Token Name	Token Symbols
Binary Operator	+ / ** % * - > >= < <= == != === !== <=> && || and or xor
Boolean Literal	true false
Function Call	[A-Z] [a-z] [0-9] _ followed by parenthesis
Function Call Argument Separator	,
Identifier	[A-Z] [a-z] [0-9] _
Numeric Literal	[0-9] .
Opcode	+ && and / == != ** > >= === !== < <= % * || or - xor !
Parenthesis	( ) [ ] { }
Unary Operator	+ - !

Tokenization

The Scanner class takes the role of constructing an array of tokens from a given expression string (in other words, the Scanner performs tokenization). The Scanner consists of an array of token builders such as a numeric literal token builder (which scans for 1, 2.34, etc.), a parenthesis token builder (which scans for (, and )), etc. Tokenization is the very first stage of parsing.

Expression Notation

The parser spends most of its time converting a given expression from infix notation (x + y) to postfix notation (x y +).

In infix notation, binary operators occur in-between their operands (this method of writing expressions is the one most of us are familiar with). For example, in the infix expression 2 + 3, the operator + occurs in between the left operand 2 and the right operand 3. In postfix notation, binary operators occur after their operands. For example, in the expression 2 3 +, the operator + is placed after the left operand 2 and the right operand 3. This notation is commonly used internally in computing for a few reasons.

In the postfix expression 2 3 add, the operand 2 is evaluated first, followed by the operand 3, finally followed by the operator add which executes the operation of addition. In contrast to the infix notation 2 add 3, or even the prefix notation add(2, 3), the postfix notation accurately describes the order of operations being performed, leaving no room for uncertainty (how do we know which function is called first in the prefix expression f(g(x), h(x))?). Furthermore, parentheses, operator precedence, and operator associativity are not required during the evaluation of a postfix expression. This shifts the computational cost of performing such operations to the parser rather than the evaluator. The expression 2 + 3 * 4 in postfix notation with * taking precedence over + can be written as 2 3 4 * +. The expression (2 + 3) * 4 would be 2 3 + 4 * in postfix notation. Postfix converts a binary tree structure such as ((2 * 3) / (4 + 2)) - 7 to a linear structure 2 3 * 4 2 + / 7 -, allowing low-memory and high-performant runtime (evaluation) using stack operations (see stack-oriented programming).

Expression Conversion

The Parser takes the role of performing infix-to-postfix notation conversion.
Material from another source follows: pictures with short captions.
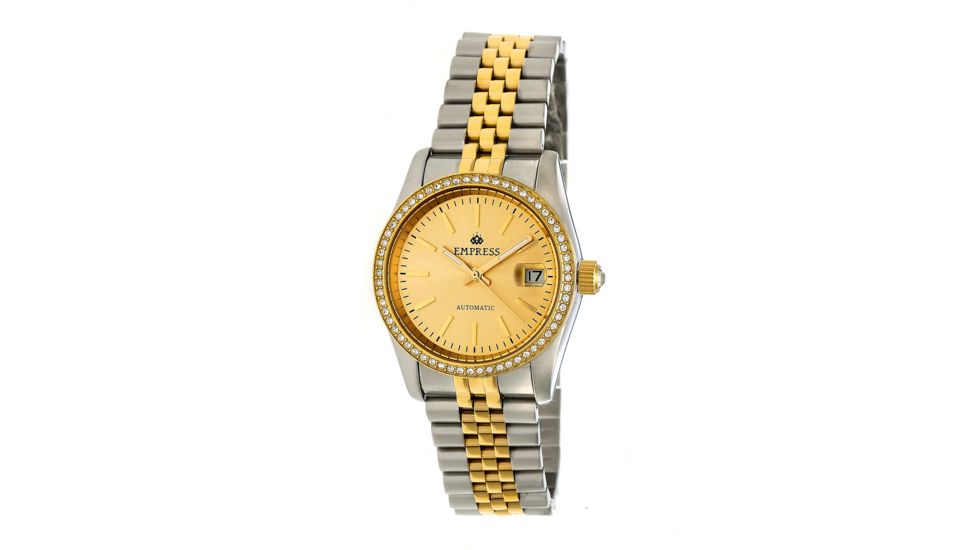 Empress Constance Crystal Surround Bracelet Watch w/Date, Silver&amp;Gold/Gold/Gold, Standard, EMPEM1506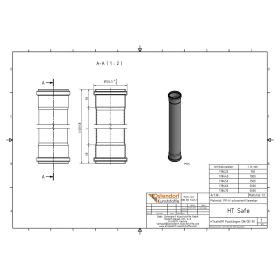HTsafeDM Rohr DN 90 x 2000 mm mit zwei Muffen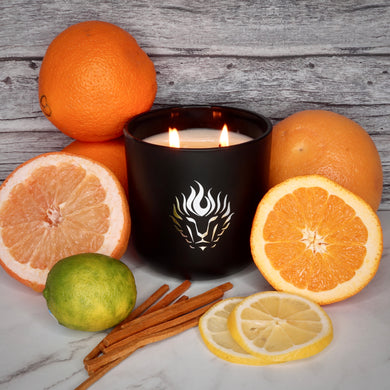 The Lion's Den Candle Company Sunshine 100% Soy Candles and Refills White and Gold Black and Silver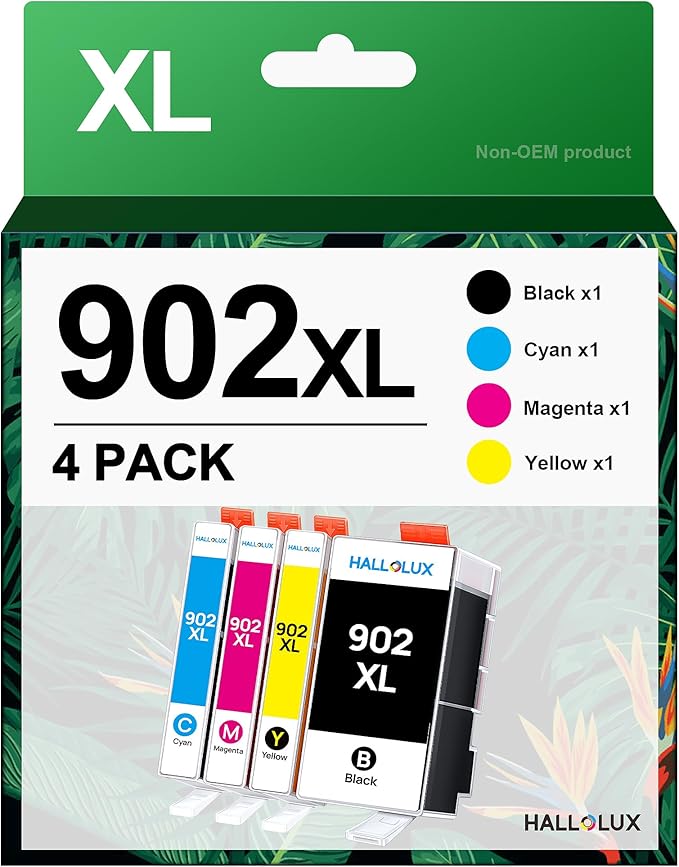 902XL Ink Cartridges Compatible for HP 902XL Ink Combo Pack, for HP Printers OfficeJet Pro 6978 6960 6968 6954, OfficeJet 6962 6958 6950, 4 Packs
Before this conversion is performed, the series of tokens are transformed to a binary tree structure following three steps:

1. In the first step, the expression is de-parenthesized by introducing nesting. A token array for an expression such as (x + y) * z looks like [LP, VAR(x), OP(+), VAR(y), RP, OP(*), VAR(z)]. After this operation is performed, the linear token array becomes a tree-like structure consisting of no parenthesis tokens [[VAR(x), OP(+), VAR(y)], OP(*), VAR(z)].
2. In the second step, the unary operators are transformed into binary operators. The result of this transformation is that an infix expression such as x + -y gets interpreted as x + (-1 * y). After this operation is performed, no unary operator tokens exist within the token tree.
3. In the third step, binary operators are grouped based on their precedence and associativity values. An infix expression such as x + y * z + w becomes (x + (y * z)) + w. After this operation is performed, each nested entry would have a size of 3 if it were a valid binary expression.
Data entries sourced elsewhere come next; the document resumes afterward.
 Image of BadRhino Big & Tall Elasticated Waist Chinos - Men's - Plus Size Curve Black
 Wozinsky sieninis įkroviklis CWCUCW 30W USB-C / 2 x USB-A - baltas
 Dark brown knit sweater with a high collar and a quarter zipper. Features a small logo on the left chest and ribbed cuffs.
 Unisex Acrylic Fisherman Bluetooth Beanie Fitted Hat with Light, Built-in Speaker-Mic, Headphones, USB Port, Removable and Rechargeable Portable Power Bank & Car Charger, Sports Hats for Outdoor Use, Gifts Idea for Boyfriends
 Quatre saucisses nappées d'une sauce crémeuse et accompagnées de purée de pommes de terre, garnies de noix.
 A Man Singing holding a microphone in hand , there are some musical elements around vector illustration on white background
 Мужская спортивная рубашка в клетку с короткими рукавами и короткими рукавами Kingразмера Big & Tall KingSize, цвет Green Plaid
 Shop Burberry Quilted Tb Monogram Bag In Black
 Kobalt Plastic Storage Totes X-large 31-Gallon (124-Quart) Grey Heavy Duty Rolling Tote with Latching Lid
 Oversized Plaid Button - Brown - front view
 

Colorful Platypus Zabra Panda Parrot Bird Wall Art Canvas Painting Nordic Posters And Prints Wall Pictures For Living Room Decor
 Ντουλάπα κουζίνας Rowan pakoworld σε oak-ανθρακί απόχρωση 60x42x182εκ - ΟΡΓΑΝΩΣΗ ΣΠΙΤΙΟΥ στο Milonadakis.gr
With these transformations performed, it becomes a lot simpler to perform the conversion. Each nested entry is visited and the position of the binary operator is swapped with its right operand. The resulting token tree is then flattened in the order of occurrence of tokens, and this becomes the postfix notation for the given infix expression.

Expression Evaluation

The Parser returns an Expression instance on successfully parsing. The Expression holds the postfix token array for the given expression. Evaluation of the expression is done by performing stack operations on the postfix token array.

stack = []
for each token in postfixTokens do
    if token is an operator then
        left ← pop stack
        right ← pop stack
        value ← left operator right
        push value to stack
    otherwise
        assert token is numeric
        push token to stack
value ← pop stack
return value

It is possible for an expression to completely skip postfix expression evaluation and yield the value directly when the parser is built using optimizations (i.e., Parser::createDefault() instead of Parser::createUnoptimized()). An expression such as 3 - 2 or x / x is precomputed during parsing and is resolved to a ConstantExpression and directly returns the value 1 during evaluation without traversing any token whatsoever.